2.5 Pieces of a Random Variable

Definition 2.2 (Random Variable, Suite) A random variable is a function \(X : \Omega \rightarrow \mathbb{R},\) such that \(\forall r \in \mathbb{R}, \{\omega \in \Omega\}: X(\omega) \leq r\} \in S\).

There are two key pieces that must exist for every random variable. What are these pieces? The first of these pieces is provided to us in Definition 1.2.1 Random Variable (on page 16). The second is provided to us in Definition 1.2.5 Probability Mass Function (on page 18).

Suppose that a random variable is simple and discrete. For concreteness, you could think of this random variable as the answer to the question, “Is the grass wet outside?”.

  1. What is the sample space?
  2. What is a sensible function that you might use to map from the sample space to real values?
  3. What is a insensible function that you might use to map from the sample space to real values? (A student well-seasoned in Maths might use (and define for the rest of the class) the concept of a bijective function).
  4. If you simply had the values that the random variable function maps to are you guaranteed to be able to describe the entire sample space? Why or why not?
  5. How would you go about determining the probability mass function for this random variable?

2.5.1 Functions of Functions

Why do we say that random variables are functions? Is there some useful property of these being functions rather than any other quantity? What else could they be if not a function?

What about a function of a random variable, which is a function of a function.

Definition 2.3 (Function of a Random Variable) Let \(g : U \rightarrow \mathbb{R}\) be some function, where \(X(\Omega) \subset U \subset \mathbb{R}\). Then, if \(g \circ X : \Omega \rightarrow \mathbb{R}\) is a random variable, we say that \(g\) is a function of X and write \(g(X)\) to denote the random variable \(g \circ X\).

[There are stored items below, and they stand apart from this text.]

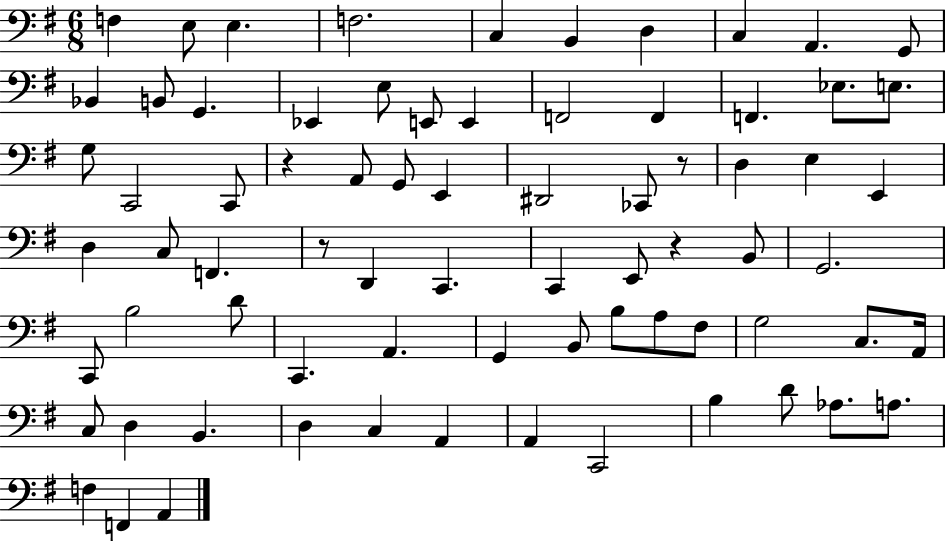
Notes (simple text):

F3/q E3/e E3/q. F3/h. C3/q B2/q D3/q C3/q A2/q. G2/e Bb2/q B2/e G2/q. Eb2/q E3/e E2/e E2/q F2/h F2/q F2/q. Eb3/e. E3/e. G3/e C2/h C2/e R/q A2/e G2/e E2/q D#2/h CES2/e R/e D3/q E3/q E2/q D3/q C3/e F2/q. R/e D2/q C2/q. C2/q E2/e R/q B2/e G2/h. C2/e B3/h D4/e C2/q. A2/q. G2/q B2/e B3/e A3/e F#3/e G3/h C3/e. A2/s C3/e D3/q B2/q. D3/q C3/q A2/q A2/q C2/h B3/q D4/e Ab3/e. A3/e. F3/q F2/q A2/q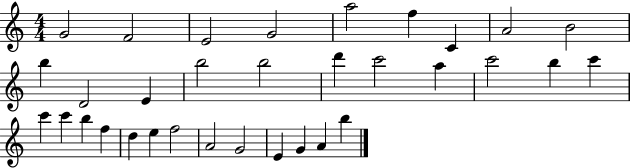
X:1
T:Untitled
M:4/4
L:1/4
K:C
G2 F2 E2 G2 a2 f C A2 B2 b D2 E b2 b2 d' c'2 a c'2 b c' c' c' b f d e f2 A2 G2 E G A b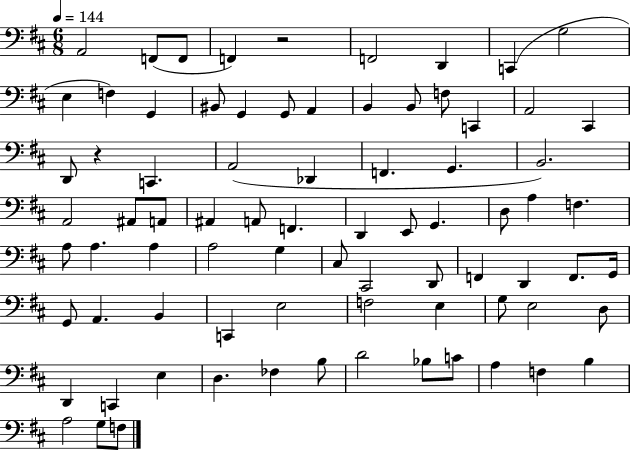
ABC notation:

X:1
T:Untitled
M:6/8
L:1/4
K:D
A,,2 F,,/2 F,,/2 F,, z2 F,,2 D,, C,, G,2 E, F, G,, ^B,,/2 G,, G,,/2 A,, B,, B,,/2 F,/2 C,, A,,2 ^C,, D,,/2 z C,, A,,2 _D,, F,, G,, B,,2 A,,2 ^A,,/2 A,,/2 ^A,, A,,/2 F,, D,, E,,/2 G,, D,/2 A, F, A,/2 A, A, A,2 G, ^C,/2 ^C,,2 D,,/2 F,, D,, F,,/2 G,,/4 G,,/2 A,, B,, C,, E,2 F,2 E, G,/2 E,2 D,/2 D,, C,, E, D, _F, B,/2 D2 _B,/2 C/2 A, F, B, A,2 G,/2 F,/2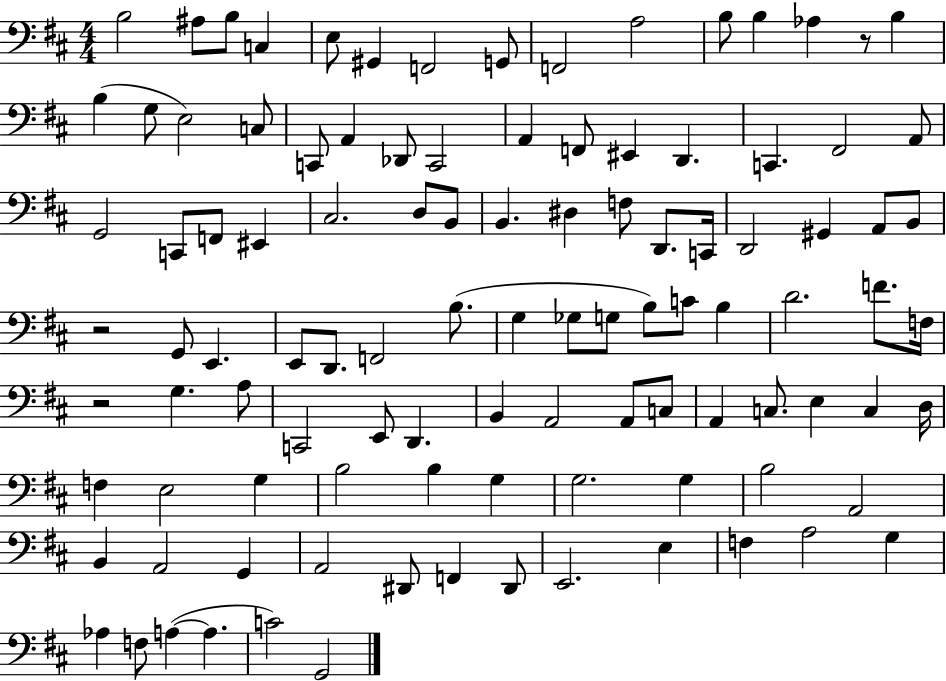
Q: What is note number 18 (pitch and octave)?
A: C3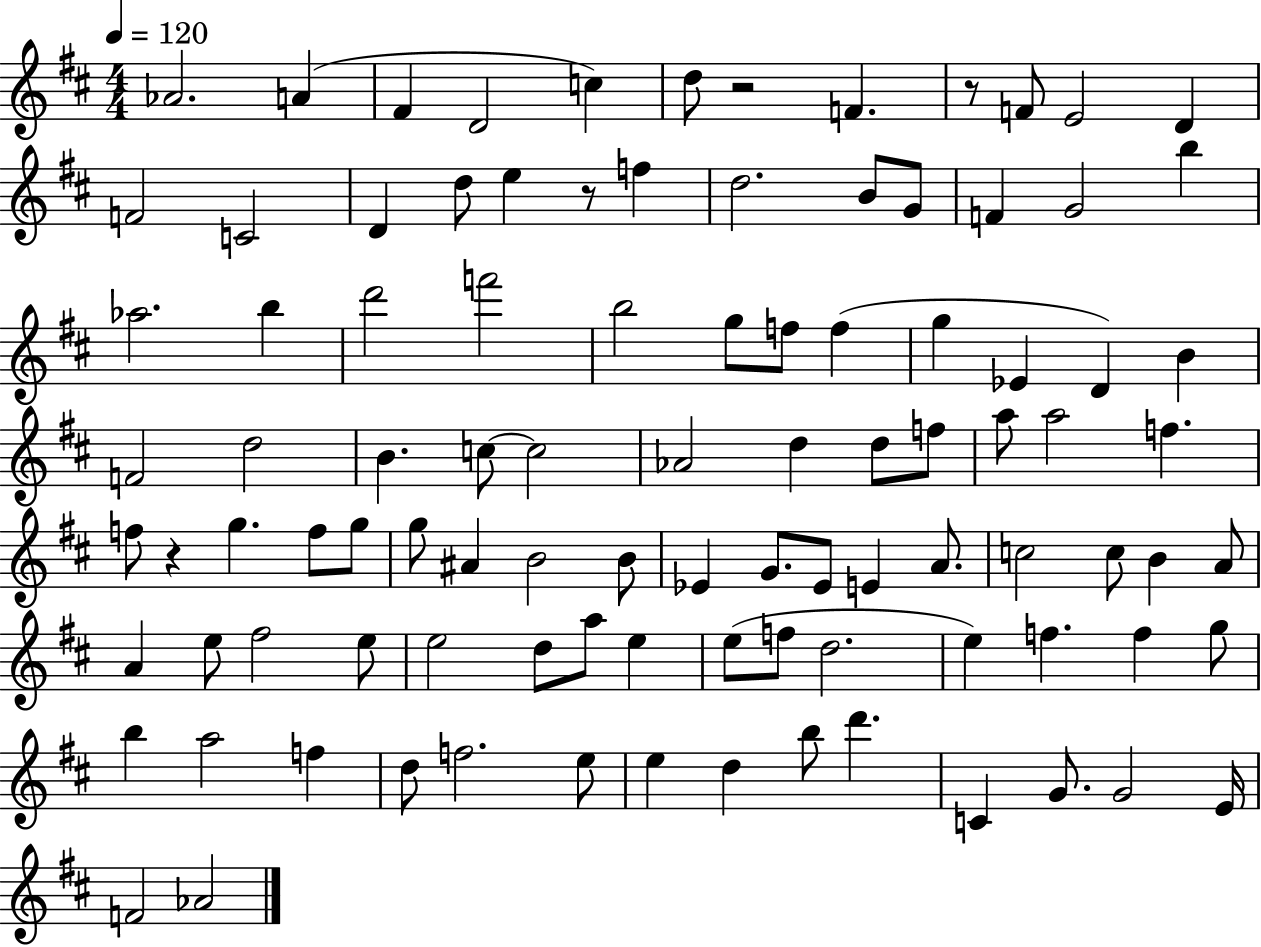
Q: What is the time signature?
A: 4/4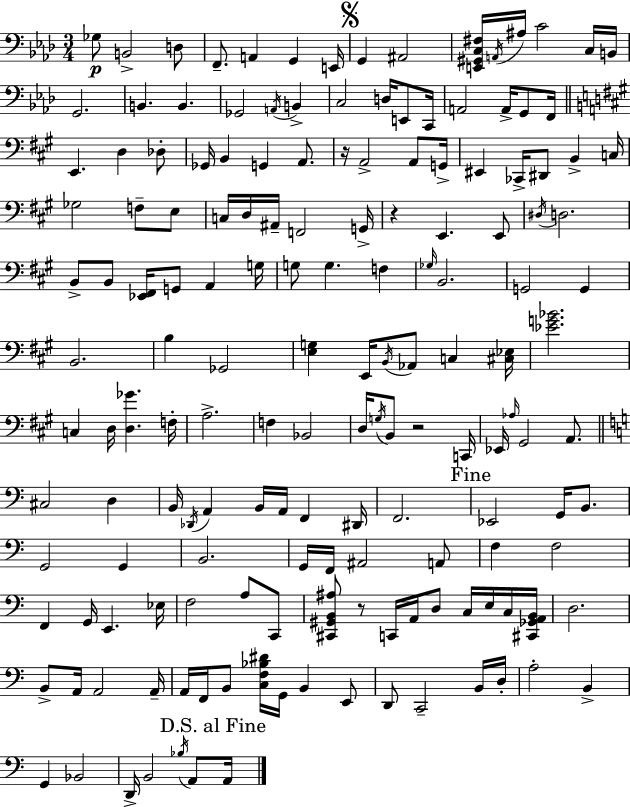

If a random variable is a function from the real world, or the sample space, or the outcome space to a real number, then what does it mean to define a function of a random variable?

  • At what point does this function work? Does this function change the sample space that is possible to observe? Or, does this function change the real-number that each outcome points to?

Example 2.1 (MNIST) Suppose that you are doing some image processing work. To keep things simple, that you are doing image classification in the style of the MNIST dataset.

  • Can someone describe what this task is trying to accomplish?
  • Has anyone done work like this?

However, suppose that rather than having good clean indicators for whether a pixel is on or off, instead you have weak indicators – there’s a lot of grey. A lot of the cells are marked in the range \(0.2 - 0.3\).

  1. How might creating a function that re-maps this grey into more extreme values help your model?
  2. Is it possible to “blur” events that are in the outcome space? Does this “blurring” meet the requirements of a function of a random variable, as provided above?

2.5.2 Probability Density Functions and Cumulative Distribution Functions

  • What is a probability mass function?
  • What do the Kolmogorov Axioms mean must be true about any probability mass function (pmf)?

Example 2.2 (Berkeley Drivers, No Survivors) You should try driving in Berkeley some time. It is a trip! Without being deliberately ageist, the city is full of ageing hippies driving Subaru Outbacks and making what seem to be stochastic right-or-left turns to buy incense, pottery, or just sourdough bread.

Suppose that you are walking to campus, and you have to cross 10 crosswalks, each of which are spaced a block apart. Further, suppose that as you get closer to campus, there are fewer aging hippies, and therefore, there is decreasing risk that you’re hit by a Subaru as you cross the street. Specifically, and fortunately for our math, the risk of being hit decreases linearly with each block that you cross.

Finally, campus provides you with the safety reports from last year, and reports that there were 120 student-Subaru incidents last year, out of 10,000 student-crosswalk crossings.

  1. What is the pmf for the probability that you are involved in a student-Subaru incident as you walk across these 10 blocks? What sample space, \(\Omega\) is appropriate to represent this scenario?
  2. Suppose that you don’t leave your house – this is a remote program after all! What is your cumulative probability of being involved in a student-subaru incident?
  3. What is the cumulative probability cmf for the probability that you are involved in a student-Subaru incident?
  4. Suppose that you live three blocks from campus, but your classmate lives five blocks from campus. What is the difference in the cumulative probability?
  5. How would you describe the cumulative probability of being hit as you walk closer to campus? That is, suppose that you start 10 blocks away from campus, and are walking to get closer. Is your cumulative probability of being hit on your way to campus increasing or decreasing as you get closer to campus?
  6. How would you describe the cumulative probability of being hit as you walk further from campus? That is, suppose that you start on campus, and you’re walking to a bar after classes. Is your cumulative probability of being hit on your way away from campus increasing or decreasing as you get further from campus?